[Supplied records]:
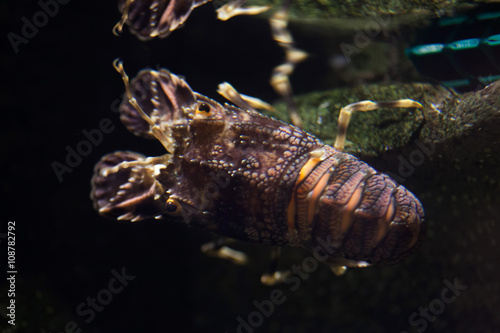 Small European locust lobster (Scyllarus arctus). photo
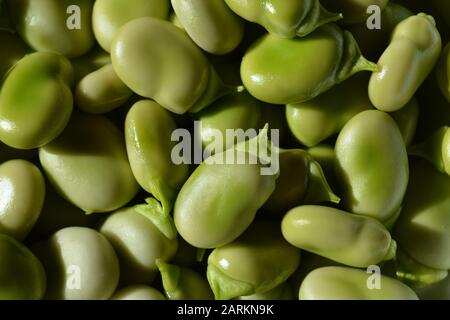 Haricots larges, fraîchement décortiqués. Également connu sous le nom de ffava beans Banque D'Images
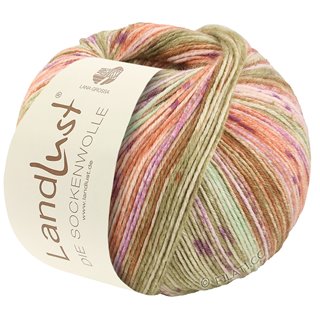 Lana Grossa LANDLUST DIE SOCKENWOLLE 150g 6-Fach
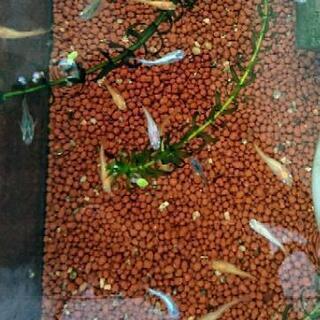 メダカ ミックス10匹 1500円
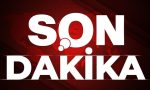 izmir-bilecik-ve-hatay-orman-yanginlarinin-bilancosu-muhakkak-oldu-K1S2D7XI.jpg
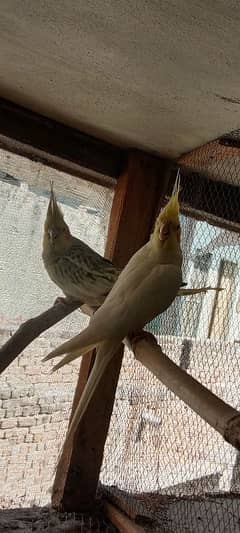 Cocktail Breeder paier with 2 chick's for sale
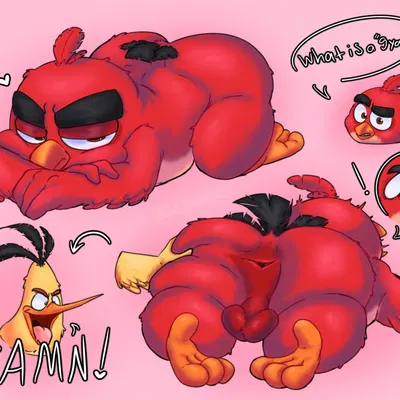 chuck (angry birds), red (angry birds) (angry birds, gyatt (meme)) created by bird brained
---
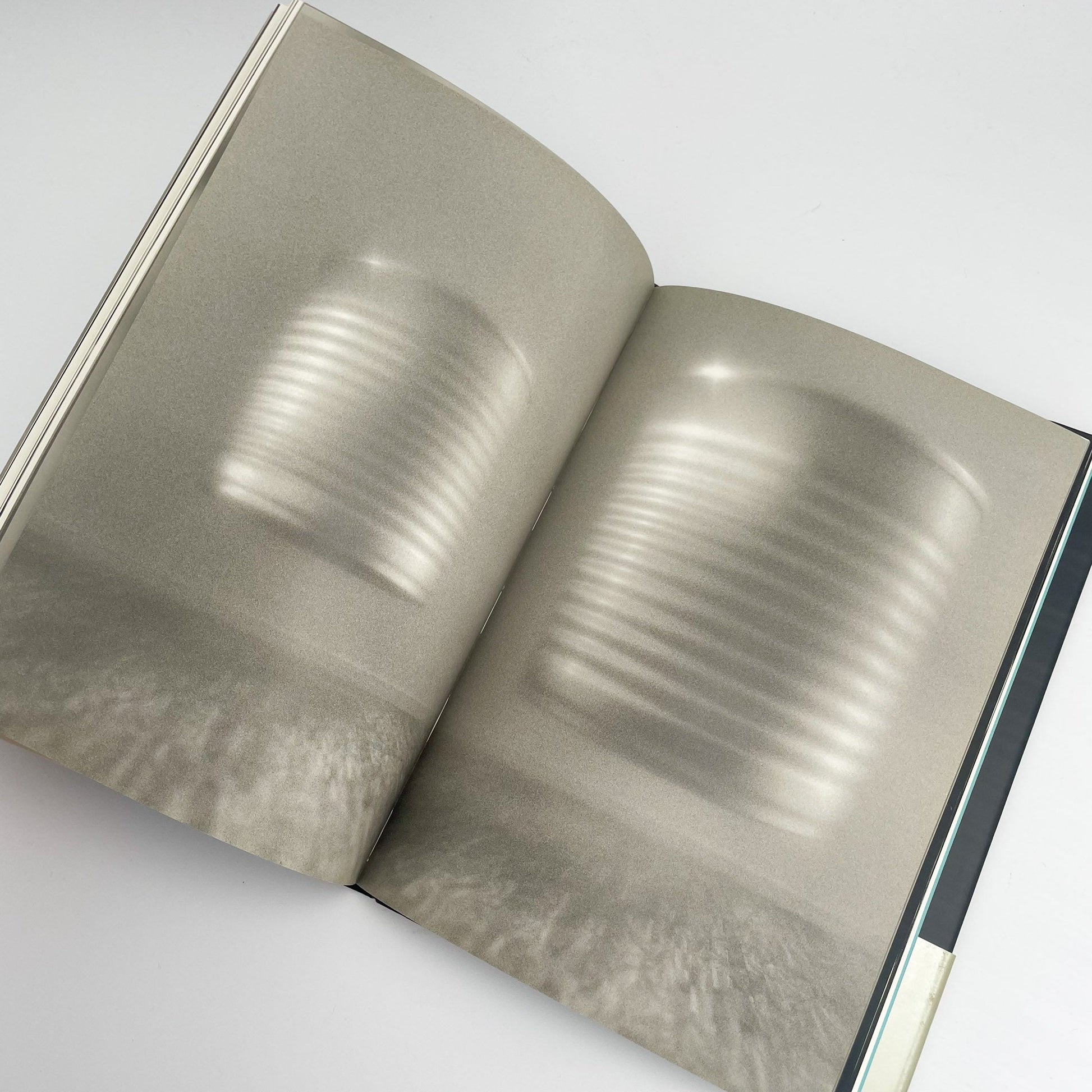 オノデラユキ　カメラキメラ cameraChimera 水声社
...
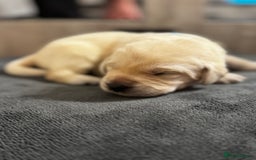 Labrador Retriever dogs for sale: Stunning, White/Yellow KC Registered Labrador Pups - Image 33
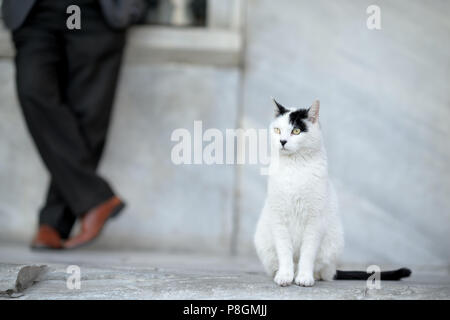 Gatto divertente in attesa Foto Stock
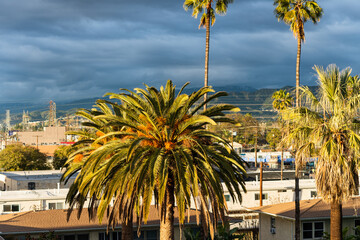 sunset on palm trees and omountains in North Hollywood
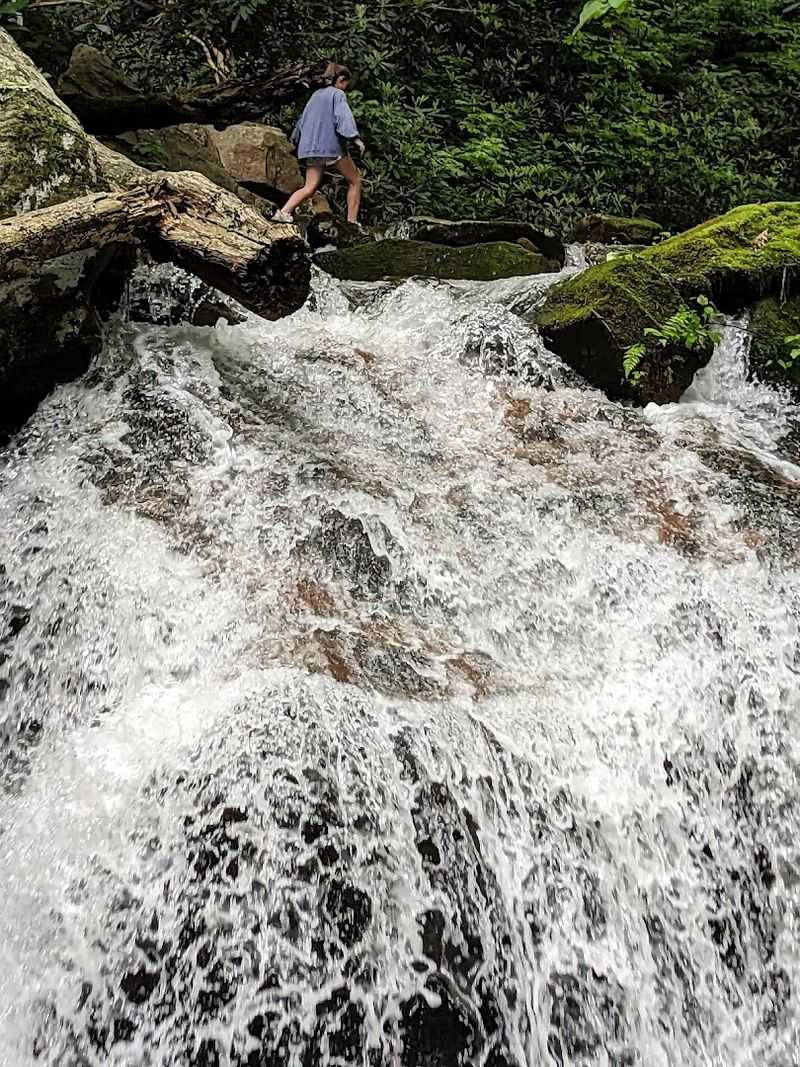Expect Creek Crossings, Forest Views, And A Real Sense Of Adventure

[What is needed]: Beginning with the line above that contains "Gatto divertente in attesa Foto Stock" and ending with the line that contains "Expect Creek Crossings, Forest", quote each line exactly, keeping out the pictures.

[Answer section]:
 Gatto divertente in attesa Foto Stock
 sunset on palm trees and omountains in North Hollywood
Expect Creek Crossings, Forest Views, And A Real Sense Of Adventure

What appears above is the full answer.